Windows環境で仮想ホストを構築する場合、どのような構成でライセンスはどのような数と種類が必要となるのか。
昨今ライセンス体系がどんどん複雑化するため一例を作成してみました。
システム構成の概要
| 項目 | 内容 |
|---|---|
| 仮想ホスト | 2台(レプリケーション構成、Hyper-V使用) |
| ストレージ | 共有ストレージをSMB/iSCSIでマウント |
| 冗長化方式 | Microsoft Failover Cluster |
| 仮想ゲスト | Windows 11 Pro / Enterprise × 40台 |
| ハイパーバイザー | Hyper-V(Windows Server上) |
Windows Server ライセンスの基礎知識
Microsoftは物理コア単位でライセンスを課金し、仮想マシンの数により必要なエディションが異なります。
ライセンス前提ルール
ライセンス単位:1物理サーバーごとに最低16コア分必要
Standard版:2台の仮想OS権が含まれる(超える場合は追加ライセンス)
Datacenter版:仮想OSの数は無制限
Standard vs Datacenter の比較
| 比較項目 | Standard Edition | Datacenter Edition |
|---|---|---|
| 含まれる仮想OS数 | 2台まで/16コアライセンスごと | 無制限 |
| ライセンス追加の必要 仮想OS | 2台ごとに追加ライセンス要 | 不要(最初から無制限) |
| コスト | 安価 | 高価 |
| 冗長化対応 | 対応(ただしVM数増加時に課金増) | 高可用性構成向け |
| Live Migration対応 | 対応 | 対応 |
仮想ゲストが40台の場合のライセンス試算
Standard Editionで構築する場合
1ライセンス(16コア)で2VM →
40VM ÷ 2 = 20ライセンス分(×2台のホスト) = 40ライセンス分
Standardライセンス16コア×20 = 非常に高額に
→ 現実的でない。
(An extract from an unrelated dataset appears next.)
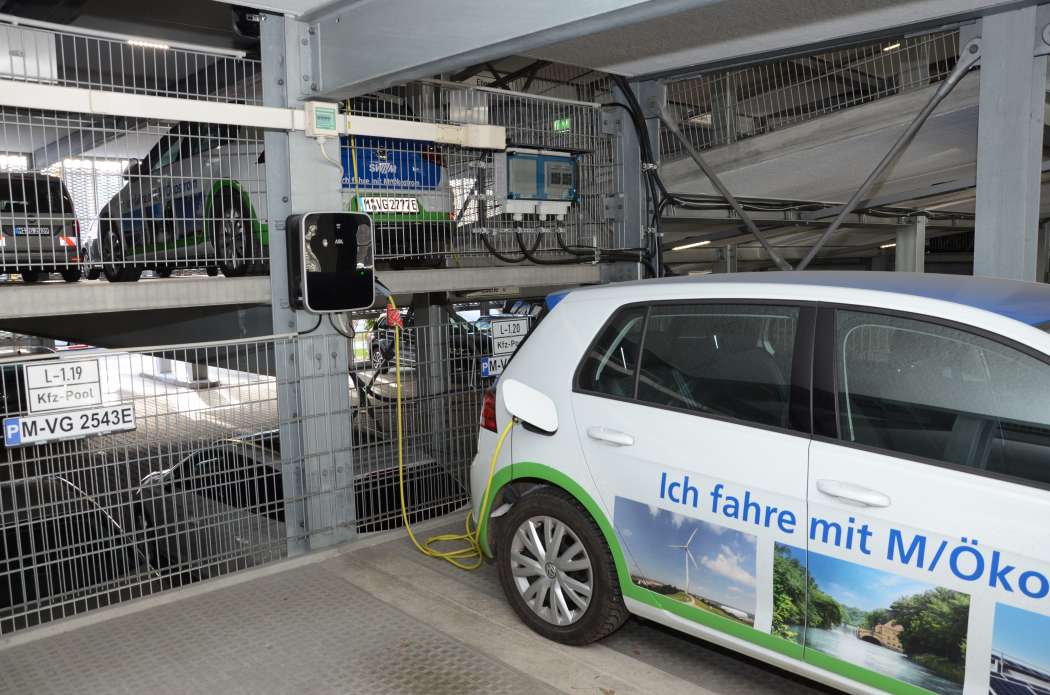 Viele örtliche Versorger wie die Stadtwerke München hofften auf die Gesetzesänderung, um mehr Ladepunkte in Tiefgaragen installieren zu können. (Foto: Dietmar Fund)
Standardは少数VM向き
Datacenter Editionで構築する場合
各ホストに 16コア分のDatacenterライセンスを1セットずつ
→ それだけでVM数無制限
つまり、Datacenterなら「2ライセンス分」で40VMを完全カバー可能
Windows 11 仮想クライアントのライセンス
方法①:Microsoft 365 E3 / E5(推奨)
Windows 11 Enterprise + 仮想デスクトップ権(VDA)を含む
1ユーザーで最大5台まで仮想マシン利用可能
例:40VM → 最低 8ユーザー分のM365 E3/E5ライセンス
方法②:Windows VDAライセンス(サブスクリプション)
主に「物理PCなし(シンクライアント利用)」時に使う
1デバイスにつき1契約が必要
ライセンス構成のまとめ
| 項目ライセンス内容推奨 | ||
|---|---|---|
| 仮想ホスト2台 | Windows Server 2022 Datacenter x 各16コア | ◎(Standardは非推奨) |
| 仮想ゲスト40台 | Microsoft 365 E3/E5 x 8ユーザー or VDA | ◎ |
| クラスタ構成 | Windows標準機能で追加コスト不要 | 〇 |
★結論とおすすめ構成
仮想マシンが40台規模となると、Windows ServerはDatacenter Edition一択です。初期コストはやや高いものの、将来的なスケーラビリティや管理効率が大幅に向上します。
ゲストとして稼働するクライアントの数によってライセンスの計算は大きく異なります。
仮想基盤となるホストのCPUのコア数をよく確認してライセンスを計算し、コスト削減を心がけましょう。